PyTorch version: 2.9.0+cu128
torch-neuronx version: 2.9.0.2.11.19912+e48cd891
NEURON_LOGICAL_NC_CONFIG: 1


## Configuration

Set the model parameters. For best performance on Trainium2, we recommend:

- `--target trn2`: Targets the Trainium2 hardware
- `--lnc 1`: Uses LNC=1, giving 8 logical cores on trn2.3xlarge (1 physical core per logical core)
- `--auto-cast matmult`: Enables BF16 for matrix multiplications (~60% faster, negligible accuracy impact)
- `--optlevel 2`: Standard compiler optimizations

### Why LNC=1?

Trainium2 supports two LNC modes:
- **LNC=1**: Each physical NeuronCore is one logical core (8 logical cores on trn2.3xlarge)
- **LNC=2**: Two physical NeuronCores form one logical core (4 logical cores on trn2.3xlarge)
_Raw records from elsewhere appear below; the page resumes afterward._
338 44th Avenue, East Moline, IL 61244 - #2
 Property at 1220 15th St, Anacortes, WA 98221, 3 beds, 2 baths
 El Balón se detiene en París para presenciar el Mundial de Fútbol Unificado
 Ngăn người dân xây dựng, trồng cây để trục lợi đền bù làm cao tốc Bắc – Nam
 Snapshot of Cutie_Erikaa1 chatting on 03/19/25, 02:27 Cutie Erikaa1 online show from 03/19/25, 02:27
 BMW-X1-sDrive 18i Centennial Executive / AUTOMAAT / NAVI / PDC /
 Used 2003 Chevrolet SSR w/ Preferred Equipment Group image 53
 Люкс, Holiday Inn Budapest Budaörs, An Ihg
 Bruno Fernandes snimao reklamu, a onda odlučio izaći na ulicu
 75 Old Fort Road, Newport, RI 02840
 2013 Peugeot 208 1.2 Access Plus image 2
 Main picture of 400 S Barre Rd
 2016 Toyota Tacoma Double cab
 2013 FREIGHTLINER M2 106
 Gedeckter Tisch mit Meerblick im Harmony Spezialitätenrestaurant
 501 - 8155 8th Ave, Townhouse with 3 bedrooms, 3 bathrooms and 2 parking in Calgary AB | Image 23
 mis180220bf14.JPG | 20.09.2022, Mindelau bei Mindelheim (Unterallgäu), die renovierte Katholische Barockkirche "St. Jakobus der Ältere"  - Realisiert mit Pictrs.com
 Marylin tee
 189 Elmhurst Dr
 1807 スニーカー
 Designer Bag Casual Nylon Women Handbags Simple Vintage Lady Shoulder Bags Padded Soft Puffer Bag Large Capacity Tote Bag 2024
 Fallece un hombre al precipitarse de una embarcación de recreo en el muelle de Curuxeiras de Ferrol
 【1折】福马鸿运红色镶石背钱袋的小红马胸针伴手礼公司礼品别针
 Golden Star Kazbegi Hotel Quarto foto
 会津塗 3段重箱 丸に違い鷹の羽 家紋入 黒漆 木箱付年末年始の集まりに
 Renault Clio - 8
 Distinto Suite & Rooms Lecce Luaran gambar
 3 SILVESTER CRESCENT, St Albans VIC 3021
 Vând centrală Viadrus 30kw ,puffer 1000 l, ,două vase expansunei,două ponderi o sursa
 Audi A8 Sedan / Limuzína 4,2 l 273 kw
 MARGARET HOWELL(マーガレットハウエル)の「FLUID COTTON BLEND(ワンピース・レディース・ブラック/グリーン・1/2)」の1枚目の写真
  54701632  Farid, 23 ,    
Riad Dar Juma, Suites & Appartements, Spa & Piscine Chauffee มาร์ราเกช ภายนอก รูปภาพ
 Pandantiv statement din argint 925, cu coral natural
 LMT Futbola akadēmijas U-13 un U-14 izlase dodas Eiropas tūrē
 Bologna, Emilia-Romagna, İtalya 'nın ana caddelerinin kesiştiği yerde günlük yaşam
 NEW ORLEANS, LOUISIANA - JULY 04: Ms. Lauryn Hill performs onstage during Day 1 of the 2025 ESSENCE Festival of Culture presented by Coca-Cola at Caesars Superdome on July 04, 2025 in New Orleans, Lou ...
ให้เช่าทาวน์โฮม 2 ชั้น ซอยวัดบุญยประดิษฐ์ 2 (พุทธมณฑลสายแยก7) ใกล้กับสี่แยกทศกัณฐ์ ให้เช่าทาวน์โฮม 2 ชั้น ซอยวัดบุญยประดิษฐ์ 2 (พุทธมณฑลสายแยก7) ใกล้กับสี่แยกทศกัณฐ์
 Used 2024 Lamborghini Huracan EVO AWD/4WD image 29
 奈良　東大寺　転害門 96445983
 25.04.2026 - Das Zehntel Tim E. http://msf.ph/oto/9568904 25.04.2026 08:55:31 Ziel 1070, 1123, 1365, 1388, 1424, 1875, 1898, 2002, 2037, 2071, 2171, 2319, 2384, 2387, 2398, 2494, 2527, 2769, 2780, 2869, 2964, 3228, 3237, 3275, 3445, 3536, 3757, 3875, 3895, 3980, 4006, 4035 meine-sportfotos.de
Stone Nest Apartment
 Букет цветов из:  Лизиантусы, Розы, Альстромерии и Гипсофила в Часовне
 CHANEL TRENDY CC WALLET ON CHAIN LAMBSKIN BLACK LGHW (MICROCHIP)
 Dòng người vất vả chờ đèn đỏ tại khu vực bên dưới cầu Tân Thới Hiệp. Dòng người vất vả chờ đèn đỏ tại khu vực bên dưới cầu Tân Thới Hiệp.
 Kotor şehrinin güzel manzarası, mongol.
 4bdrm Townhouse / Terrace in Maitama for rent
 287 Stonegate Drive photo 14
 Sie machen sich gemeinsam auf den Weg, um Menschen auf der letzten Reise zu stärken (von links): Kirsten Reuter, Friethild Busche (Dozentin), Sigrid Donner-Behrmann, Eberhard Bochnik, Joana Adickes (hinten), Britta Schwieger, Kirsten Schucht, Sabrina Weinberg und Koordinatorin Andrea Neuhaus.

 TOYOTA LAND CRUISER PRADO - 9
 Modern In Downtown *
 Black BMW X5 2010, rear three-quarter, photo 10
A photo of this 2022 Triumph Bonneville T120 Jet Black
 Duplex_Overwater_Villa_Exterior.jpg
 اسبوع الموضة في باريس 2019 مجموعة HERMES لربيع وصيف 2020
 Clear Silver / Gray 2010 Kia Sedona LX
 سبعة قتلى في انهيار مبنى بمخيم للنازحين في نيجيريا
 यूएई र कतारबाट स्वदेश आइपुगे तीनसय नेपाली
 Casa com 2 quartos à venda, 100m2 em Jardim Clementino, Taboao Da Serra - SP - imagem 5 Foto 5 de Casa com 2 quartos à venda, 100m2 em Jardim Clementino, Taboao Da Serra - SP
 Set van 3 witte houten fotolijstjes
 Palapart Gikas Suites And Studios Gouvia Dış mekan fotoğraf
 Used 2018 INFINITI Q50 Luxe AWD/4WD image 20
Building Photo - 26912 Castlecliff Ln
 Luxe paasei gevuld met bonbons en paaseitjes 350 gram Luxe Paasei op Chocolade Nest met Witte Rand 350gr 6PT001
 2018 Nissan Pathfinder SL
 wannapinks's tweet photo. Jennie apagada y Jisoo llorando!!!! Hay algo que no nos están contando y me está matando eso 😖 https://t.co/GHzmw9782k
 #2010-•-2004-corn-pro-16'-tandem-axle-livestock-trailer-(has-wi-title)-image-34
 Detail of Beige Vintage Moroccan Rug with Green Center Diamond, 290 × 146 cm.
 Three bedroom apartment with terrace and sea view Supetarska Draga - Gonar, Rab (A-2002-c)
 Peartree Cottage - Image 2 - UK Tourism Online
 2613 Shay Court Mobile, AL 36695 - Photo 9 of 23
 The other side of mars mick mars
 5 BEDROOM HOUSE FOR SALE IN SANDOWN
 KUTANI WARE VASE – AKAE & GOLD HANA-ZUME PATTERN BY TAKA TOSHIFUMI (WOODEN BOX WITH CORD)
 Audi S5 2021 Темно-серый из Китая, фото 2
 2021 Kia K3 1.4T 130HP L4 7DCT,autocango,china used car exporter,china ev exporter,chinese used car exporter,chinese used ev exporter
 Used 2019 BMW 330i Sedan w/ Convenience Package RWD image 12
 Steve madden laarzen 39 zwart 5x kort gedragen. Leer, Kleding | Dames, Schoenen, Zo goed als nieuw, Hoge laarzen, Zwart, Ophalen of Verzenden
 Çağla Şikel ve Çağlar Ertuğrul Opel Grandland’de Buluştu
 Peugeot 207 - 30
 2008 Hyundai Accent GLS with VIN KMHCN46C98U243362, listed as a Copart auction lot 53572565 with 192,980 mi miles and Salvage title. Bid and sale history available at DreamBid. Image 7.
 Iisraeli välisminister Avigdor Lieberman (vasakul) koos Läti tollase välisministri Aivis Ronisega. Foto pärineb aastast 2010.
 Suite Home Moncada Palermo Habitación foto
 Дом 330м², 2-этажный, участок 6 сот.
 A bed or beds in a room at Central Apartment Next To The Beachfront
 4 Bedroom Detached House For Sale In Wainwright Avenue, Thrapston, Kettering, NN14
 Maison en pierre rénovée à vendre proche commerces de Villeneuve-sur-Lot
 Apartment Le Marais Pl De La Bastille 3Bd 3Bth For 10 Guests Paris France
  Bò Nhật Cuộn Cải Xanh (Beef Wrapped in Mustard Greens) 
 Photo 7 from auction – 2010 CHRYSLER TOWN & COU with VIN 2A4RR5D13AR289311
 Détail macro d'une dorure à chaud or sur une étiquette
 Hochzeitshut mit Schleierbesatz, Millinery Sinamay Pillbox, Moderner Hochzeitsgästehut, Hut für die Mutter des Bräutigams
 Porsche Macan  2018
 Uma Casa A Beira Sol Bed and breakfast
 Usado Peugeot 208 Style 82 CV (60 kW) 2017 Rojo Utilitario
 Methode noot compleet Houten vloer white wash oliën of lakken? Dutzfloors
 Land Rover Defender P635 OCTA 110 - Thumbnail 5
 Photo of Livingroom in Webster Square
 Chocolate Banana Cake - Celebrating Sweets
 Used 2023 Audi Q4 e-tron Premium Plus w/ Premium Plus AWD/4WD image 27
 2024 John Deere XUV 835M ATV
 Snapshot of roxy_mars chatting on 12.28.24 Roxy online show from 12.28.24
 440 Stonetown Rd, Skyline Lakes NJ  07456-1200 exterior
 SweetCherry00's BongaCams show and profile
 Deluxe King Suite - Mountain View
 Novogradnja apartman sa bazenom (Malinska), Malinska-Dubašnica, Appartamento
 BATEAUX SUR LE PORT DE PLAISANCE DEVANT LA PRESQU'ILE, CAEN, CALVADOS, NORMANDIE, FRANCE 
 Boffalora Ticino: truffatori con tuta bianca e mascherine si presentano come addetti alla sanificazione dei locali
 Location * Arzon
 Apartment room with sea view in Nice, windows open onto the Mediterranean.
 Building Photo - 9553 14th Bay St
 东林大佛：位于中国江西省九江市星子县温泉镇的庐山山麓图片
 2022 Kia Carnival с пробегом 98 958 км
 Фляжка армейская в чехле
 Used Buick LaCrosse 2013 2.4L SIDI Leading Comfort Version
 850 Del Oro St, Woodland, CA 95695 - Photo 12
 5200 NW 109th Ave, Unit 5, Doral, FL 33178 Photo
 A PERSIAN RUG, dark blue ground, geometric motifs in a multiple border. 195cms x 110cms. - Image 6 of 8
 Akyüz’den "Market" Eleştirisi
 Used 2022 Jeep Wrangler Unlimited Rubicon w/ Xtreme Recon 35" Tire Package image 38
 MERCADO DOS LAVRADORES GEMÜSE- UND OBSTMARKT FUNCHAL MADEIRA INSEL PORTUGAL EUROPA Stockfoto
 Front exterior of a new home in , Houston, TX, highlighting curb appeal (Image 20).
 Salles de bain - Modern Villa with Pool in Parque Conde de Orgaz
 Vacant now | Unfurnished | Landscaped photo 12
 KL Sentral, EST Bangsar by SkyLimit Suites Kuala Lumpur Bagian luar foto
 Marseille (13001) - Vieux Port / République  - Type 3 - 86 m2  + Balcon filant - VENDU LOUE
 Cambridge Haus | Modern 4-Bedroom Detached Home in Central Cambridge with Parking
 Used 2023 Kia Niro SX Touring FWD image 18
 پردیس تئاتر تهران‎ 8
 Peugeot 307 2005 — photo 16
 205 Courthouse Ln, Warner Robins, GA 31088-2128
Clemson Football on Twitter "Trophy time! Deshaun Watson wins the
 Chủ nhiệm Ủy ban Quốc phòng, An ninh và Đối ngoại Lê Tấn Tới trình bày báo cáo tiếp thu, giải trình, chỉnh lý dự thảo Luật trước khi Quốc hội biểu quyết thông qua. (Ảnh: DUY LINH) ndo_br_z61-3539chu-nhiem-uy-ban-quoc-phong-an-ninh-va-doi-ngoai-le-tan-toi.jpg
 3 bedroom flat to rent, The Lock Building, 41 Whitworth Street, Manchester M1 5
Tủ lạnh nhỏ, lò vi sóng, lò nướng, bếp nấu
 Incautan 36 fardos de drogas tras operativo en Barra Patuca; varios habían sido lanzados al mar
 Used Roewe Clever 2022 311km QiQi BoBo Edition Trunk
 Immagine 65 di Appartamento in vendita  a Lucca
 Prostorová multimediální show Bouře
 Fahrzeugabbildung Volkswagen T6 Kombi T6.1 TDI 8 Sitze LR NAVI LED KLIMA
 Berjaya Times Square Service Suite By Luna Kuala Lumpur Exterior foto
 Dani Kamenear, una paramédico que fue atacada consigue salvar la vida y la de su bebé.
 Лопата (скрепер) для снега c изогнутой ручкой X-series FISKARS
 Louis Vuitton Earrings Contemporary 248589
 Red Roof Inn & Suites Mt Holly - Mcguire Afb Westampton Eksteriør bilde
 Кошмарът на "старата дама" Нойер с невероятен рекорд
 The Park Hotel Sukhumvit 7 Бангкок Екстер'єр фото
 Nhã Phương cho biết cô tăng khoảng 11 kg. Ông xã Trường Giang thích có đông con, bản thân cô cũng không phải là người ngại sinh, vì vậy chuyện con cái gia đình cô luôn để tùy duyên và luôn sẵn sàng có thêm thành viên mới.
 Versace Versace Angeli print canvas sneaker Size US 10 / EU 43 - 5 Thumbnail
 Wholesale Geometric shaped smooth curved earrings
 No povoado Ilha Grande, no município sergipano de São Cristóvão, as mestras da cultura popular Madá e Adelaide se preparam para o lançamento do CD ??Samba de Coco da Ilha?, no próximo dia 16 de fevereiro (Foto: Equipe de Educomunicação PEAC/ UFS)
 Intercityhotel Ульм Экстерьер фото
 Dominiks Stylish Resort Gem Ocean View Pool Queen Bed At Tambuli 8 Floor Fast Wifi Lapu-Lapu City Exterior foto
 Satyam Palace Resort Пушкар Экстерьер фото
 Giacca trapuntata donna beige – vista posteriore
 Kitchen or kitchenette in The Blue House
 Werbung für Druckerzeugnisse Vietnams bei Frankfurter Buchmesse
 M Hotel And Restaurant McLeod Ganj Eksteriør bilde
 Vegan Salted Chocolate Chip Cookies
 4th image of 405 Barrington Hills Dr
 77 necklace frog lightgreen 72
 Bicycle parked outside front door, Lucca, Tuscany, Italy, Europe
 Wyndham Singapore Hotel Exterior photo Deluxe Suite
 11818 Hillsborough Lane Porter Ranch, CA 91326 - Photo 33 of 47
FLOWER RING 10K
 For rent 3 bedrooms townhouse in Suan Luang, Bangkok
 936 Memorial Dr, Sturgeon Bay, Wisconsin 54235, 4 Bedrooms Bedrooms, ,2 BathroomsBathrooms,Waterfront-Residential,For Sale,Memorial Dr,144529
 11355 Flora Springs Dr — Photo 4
For this model (~306M parameters), LNC=1 is significantly more efficient. LNC=2 doubles the
hardware per core without a proportional performance gain, resulting in lower per-physical-core
efficiency.

**DataParallel**: With LNC=1 on trn2.3xlarge, `torch_neuronx.DataParallel` loads the compiled model
onto all 8 cores. Each core runs its own full batch=16 independently.

In [2]:
# Model configuration
MODEL_ID = "Alibaba-NLP/gte-multilingual-reranker-base"
SEQUENCE_LENGTH = 1024
BATCH_SIZE = 16
AUTOCAST = "matmult"  # Use 'matmult' for best performance, 'none' for full precision
OPTLEVEL = 2
LNC = 1

print(f"Model: {MODEL_ID}")
print(f"Sequence Length: {SEQUENCE_LENGTH}")
print(f"Batch Size: {BATCH_SIZE}")
print(f"Autocast: {AUTOCAST}")
print(f"Optlevel: {OPTLEVEL}")
print(f"LNC: {LNC}")

Model: Alibaba-NLP/gte-multilingual-reranker-base
Sequence Length: 1024
Batch Size: 16
Autocast: matmult
Optlevel: 2
LNC: 1


## Load Model and Tokenizer

In [3]:
# Load tokenizer and model
tokenizer = AutoTokenizer.from_pretrained(MODEL_ID, trust_remote_code=True)
model = AutoModelForSequenceClassification.from_pretrained(
    MODEL_ID,
    torchscript=True,
    trust_remote_code=True
)
model.eval()

# Model info
print(f"Parameters: {sum(p.numel() for p in model.parameters()):,}")
print(f"Hidden size: {model.config.hidden_size}")
print(f"Layers: {model.config.num_hidden_layers}")

Parameters: 305,959,681
Hidden size: 768
Layers: 12


## Prepare Example Input

Create example inputs for tracing. The input shape during compilation must match inference.

In [4]:
# Create example input
queries = ["What is machine learning?"] * BATCH_SIZE
docs = ["Machine learning is a subset of artificial intelligence."] * BATCH_SIZE

encoded = tokenizer(
    queries,
    docs,
    padding="max_length",
    max_length=SEQUENCE_LENGTH,
    truncation=True,
    return_tensors="pt"
)

example_inputs = (encoded["input_ids"], encoded["attention_mask"])
print(f"Input shape: {example_inputs[0].shape}")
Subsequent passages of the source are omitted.